Public Speaks Loudly at Packed Planning Commission Meeting
The public made its voice heard loud and clear at yesterday’s Nevada County Planning Commission meeting in the packed Board of Supervisor’s Room at the Rood Center. The central agenda item — a consideration of the application of Blue Lead Mine for the “vested right to mine” — occupied the meeting from 2 PM until nearly 6 PM, with a final decision deferred until its next meeting on May 27th. (Note that this right, if it is determined by the Commission to exist for Blue Lead, attaches to the property itself and not to the succession of owners).

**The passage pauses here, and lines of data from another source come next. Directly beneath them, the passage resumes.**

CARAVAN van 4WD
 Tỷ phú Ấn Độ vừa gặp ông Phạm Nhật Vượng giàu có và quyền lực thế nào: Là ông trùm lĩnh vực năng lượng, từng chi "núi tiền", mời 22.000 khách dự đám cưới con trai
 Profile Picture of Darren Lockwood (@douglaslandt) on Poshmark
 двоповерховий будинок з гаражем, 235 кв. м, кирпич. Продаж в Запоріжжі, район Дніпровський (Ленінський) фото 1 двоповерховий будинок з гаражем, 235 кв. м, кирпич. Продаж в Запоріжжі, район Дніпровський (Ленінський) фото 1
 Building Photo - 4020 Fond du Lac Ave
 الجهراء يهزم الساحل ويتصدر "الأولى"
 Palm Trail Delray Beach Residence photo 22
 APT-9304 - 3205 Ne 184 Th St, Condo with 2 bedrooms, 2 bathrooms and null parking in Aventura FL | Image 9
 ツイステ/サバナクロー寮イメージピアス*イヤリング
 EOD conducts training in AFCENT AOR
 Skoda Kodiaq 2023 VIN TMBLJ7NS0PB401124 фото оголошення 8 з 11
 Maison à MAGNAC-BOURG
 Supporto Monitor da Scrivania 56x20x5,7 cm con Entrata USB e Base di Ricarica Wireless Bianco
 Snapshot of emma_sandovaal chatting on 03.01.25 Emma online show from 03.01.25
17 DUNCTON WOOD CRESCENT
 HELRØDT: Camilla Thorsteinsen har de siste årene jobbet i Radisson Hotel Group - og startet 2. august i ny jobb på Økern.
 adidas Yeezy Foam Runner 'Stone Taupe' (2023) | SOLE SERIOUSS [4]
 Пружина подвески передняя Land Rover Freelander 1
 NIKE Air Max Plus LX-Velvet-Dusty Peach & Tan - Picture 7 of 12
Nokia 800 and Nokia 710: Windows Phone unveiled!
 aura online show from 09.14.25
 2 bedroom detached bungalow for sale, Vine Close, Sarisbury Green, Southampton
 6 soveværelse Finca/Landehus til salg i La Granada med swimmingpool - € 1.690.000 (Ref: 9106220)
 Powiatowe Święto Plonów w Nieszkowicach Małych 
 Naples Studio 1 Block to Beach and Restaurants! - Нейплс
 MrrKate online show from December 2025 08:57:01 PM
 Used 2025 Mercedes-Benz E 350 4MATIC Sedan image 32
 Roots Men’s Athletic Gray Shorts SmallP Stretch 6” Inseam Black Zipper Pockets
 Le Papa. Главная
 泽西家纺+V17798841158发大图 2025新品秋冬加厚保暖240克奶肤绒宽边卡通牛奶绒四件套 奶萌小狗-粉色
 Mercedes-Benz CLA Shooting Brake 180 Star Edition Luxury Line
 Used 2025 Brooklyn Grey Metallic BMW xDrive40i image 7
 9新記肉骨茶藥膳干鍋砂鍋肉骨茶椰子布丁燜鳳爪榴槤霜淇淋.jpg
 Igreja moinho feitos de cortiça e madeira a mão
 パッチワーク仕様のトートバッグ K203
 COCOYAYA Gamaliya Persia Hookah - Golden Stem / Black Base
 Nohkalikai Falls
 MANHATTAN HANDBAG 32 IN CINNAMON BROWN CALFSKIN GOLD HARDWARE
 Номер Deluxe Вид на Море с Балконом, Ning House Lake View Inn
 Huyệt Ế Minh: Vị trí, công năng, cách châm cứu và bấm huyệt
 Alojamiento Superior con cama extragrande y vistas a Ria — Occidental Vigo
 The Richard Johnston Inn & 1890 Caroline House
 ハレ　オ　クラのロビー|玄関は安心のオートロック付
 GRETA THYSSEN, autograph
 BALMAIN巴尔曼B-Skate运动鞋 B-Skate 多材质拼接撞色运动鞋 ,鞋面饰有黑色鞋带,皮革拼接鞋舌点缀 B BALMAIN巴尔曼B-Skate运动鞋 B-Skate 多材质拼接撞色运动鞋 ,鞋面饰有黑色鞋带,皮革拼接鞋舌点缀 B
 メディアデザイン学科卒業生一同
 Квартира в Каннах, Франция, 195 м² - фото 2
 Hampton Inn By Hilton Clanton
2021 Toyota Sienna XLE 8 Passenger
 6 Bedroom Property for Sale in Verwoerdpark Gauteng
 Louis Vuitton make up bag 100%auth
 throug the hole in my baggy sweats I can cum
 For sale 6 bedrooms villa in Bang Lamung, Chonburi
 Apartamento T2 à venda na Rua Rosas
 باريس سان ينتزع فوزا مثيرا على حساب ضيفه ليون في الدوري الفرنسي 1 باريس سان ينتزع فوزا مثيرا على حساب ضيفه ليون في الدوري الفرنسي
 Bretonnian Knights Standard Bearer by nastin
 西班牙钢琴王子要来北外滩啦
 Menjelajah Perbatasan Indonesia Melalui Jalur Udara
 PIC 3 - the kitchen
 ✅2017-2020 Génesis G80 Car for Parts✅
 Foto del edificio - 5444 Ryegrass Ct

The Commission must determine (1) whether Blue Lead’s right to mine was vested in 1954 when the county assumed oversight of mining, and if so, then it must also determine (2) whether Blue Lead has convincingly shown that it has maintained and preserved this right continuously until the present day without lapse or abandonment. In order to maintain this right, the applicant bears the burden of proof to provide objective evidence of continuous mining activity on that property throughout the decades since 1954.
Ultimately yesterday the Commission was unable to resolve the question of abandonment and directed its legal counsel to prepare statements of clarification before the next meeting on May 27th, with particular emphasis on that question.
Although the Commission remains divided and unclear on the issue of abandonment, a number citizens seemed entirely clear and emphatic, most significantly the first speaker, publisher and historian David Comstock, who is also a neighbor of Blue Lead.
In his written statement to the Planning Commission on April 8th, 2010, David Comstock said:
“I knew just about everybody who prospected (or sniped) for gold in this area from 1968 on, and all of them worked along the running streams with shovels and picks. No one worked in the Blue Lead section because there was no running water.”
Nevada City Mayor Reinette Senum, speaking not as Mayor but as a personal acquaintance of Tom Brown, another of Blue Lead’s neighbors, read a letter from Brown, who now resides on the east coast.
Brown’s letter reads, in part:
“We have a special interest, perhaps a unique interest, in this matter because we are one of the neighbors most affected by the situation. Indeed, our land has already been damaged by the mining operation on the parcels in question. Our parcel is specifically mentioned on page 2 of the Staff report dated January 13, 2010: “…the applicant has taken access through the adjoining private property … and BLM property … to the east without the benefit of access easements from either owner” …
“I certainly would have known if any mining activity was occurring. The fact is that between 1986 and May 2006, the land was unused, and there certainly was no mining. My personal observations about the use of APN# -12 supports the Staff’s belief that the parcel has been abandoned or idle and that the vested right is destroyed.”
Many other members of the public also spoke in opposition to the vesting application. Only Braiden Chadwick, the attorney for Blue Lead, spoke in support.
While the Commissioners conscientiously struggled to parse the legal nuances of the abandonment issue, it was clear from the occasional applause and murmurs from the audience that most members of the public were convinced by the firsthand testimony of Comstock and Brown.
I spoke briefly to David Comstock after the meeting, and he said, “It doesn’t matter how they decide, because it will be appealed either way. It will go to the Board of Supervisors.”